WOI | |
City: | Ames, Iowa |
Area: | Des Moines metropolitan area |
Branding: | Iowa Public Radio |
Sister Stations: | WOI-FM |
Frequency: | 640 kHz |
Translator: | 104.7 K284CN (Ames) |
Format: | Public radio - News - Talk |
Class: | B |
Facility Id: | 29119 |
Owner: | Iowa Public Radio, Inc. |
Affiliations: | National Public Radio Public Radio International BBC World Service |
Callsign Meaning: | The first three letters in "Iowa" backwards |
Webcast: | Listen Live |
Coordinates: | 41.9928°N -93.6908°W |
Licensing Authority: | FCC |
WOI (640 kHz) – branded Iowa Public Radio – is a non-commercial AM radio station licensed to Ames, Iowa, and serving the Des Moines metropolitan area. Owned by Iowa Public Radio, it is a listener-supported public radio station airing a news and talk format. WOI 640 is the flagship station for Iowa Public Radio's News Network, affiliated with NPR, Public Radio International and the BBC World Service. Its transmitter is located at a two-tower array off Zumwalt Station Road near Y Avenue, southwest of Ames.[1]

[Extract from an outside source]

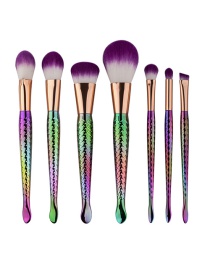 Fashion Multi-color Mermaid Shape Decorated Color Matching Cosmetic Brush (7 Pcs)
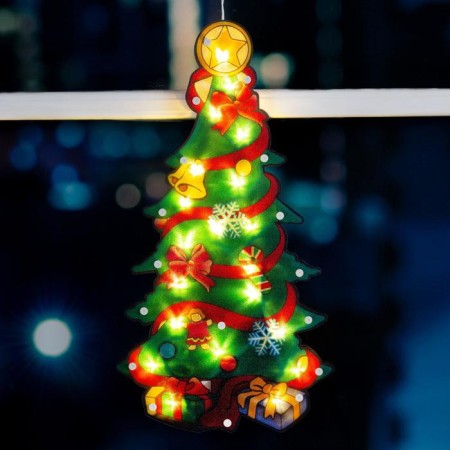 LED figure on the suction cup "Christmas tree" 24 × 45 cm, plastic, AAAX3 batteries (not in the kit), glow warm white-2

By day, WOI is powered at 5,000 watts using a single non-directional antenna. Due to its low transmitting frequency and Iowa's flat land (with near-perfect ground conductivity), its daytime footprint is equivalent to that of a full-power FM station, providing at least secondary coverage to almost all of Iowa-as far east as Cedar Rapids and as far west as Sioux City. Its secondary signal also covers portions of Minnesota, Nebraska, Missouri and South Dakota. Its daytime coverage area is similar to that of central Iowa's most powerful AM station, 50,000-watt WHO. But 640 AM is a clear channel frequency reserved for Class A KFI in Los Angeles. To avoid interference, WOI reduces power at night to 1,000 watts, with power fed to both towers in a directional pattern that pushes the signal to the east, concentrating it in the Des Moines and Ames areas.[1] Programming is also heard on 250-watt FM translator K284CN at 104.7 MHz.[2]
Historically, WOI is one of the oldest radio stations in the United States, having begun experimental transmissions in 1911.
The history of WOI can be traced back to 1911. "Dad" Hoffman, a physics professor at what was then Iowa State College, installed a transmission line between the Campus Water Tower and the Engineering Building and set up a wireless telegraph station. By 1913, this was known as experimental station 9YI and it was sending and receiving weather reports by Morse code on a regular basis.
The first sound broadcast was an hour of concert music on November 21, 1921. The Commerce Department issued a full radio license to WOI in April 1922. The first regular broadcast took place on . The original call sign 9YI is now W0YI and is retained by the ISU Campus Radio Club, with the amateur radio station in the Electrical Engineering building.
WOI may be the oldest fully licensed non-commercial station west of the Mississippi River. Sister station WSUI, founded by the University of Iowa in Iowa City, also began telegraph transmissions in 1911 and also has claims to being the earliest educational station west of the Mississippi. Other Midwestern universities also started stations in the 1910s: the University of Minnesota's KUOM in 1912, St. Louis University's WEW also in 1912 and the University of Wisconsin's WHA in 1915.
The first regular programming on WOI was farm market reports gathered by ticker tape and Morse code, broadcast throughout the state. Another early staple was sporting events by Iowa State's athletic teams. In 1925, "The Music Shop" aired for the first time. One of the longest-running programs in the history of radio, it moved to WOI-FM in the 1970s before going off the air in 2006. In 1927. another longtime favorite, "The Book Club" was added; it also aired until 2006.
On December 1, 1949, Iowa State launched an FM sister station to WOI 640, WOI-FM at 90.1 MHz. WOI-TV was subsequently launched in 1950 as the first television station in central Iowa. It was also the first commercial TV station owned by an educational institution. It was affiliated with all four networks at the time: CBS, NBC, ABC and the Dumont Network. It became solely an ABC affiliate in 1955. WOI-TV was sold by the Iowa Board of Regents on March 1, 1994; the station is now owned by Tegna.
WOI-AM-FM became a charter member of National Public Radio (NPR) when it began its regular schedule of afternoon news program All Things Considered in 1971.
Today WOI's programming consists of both NPR and locally produced talk shows along with local news reports and BBC news updates. The classical music of the early years migrated exclusively to 90.1 WOI-FM in the 1960s. When the radio services of Iowa's state universities were merged into Iowa Public Radio in 2004, WOI became the flagship of IPR's Operations and IT services.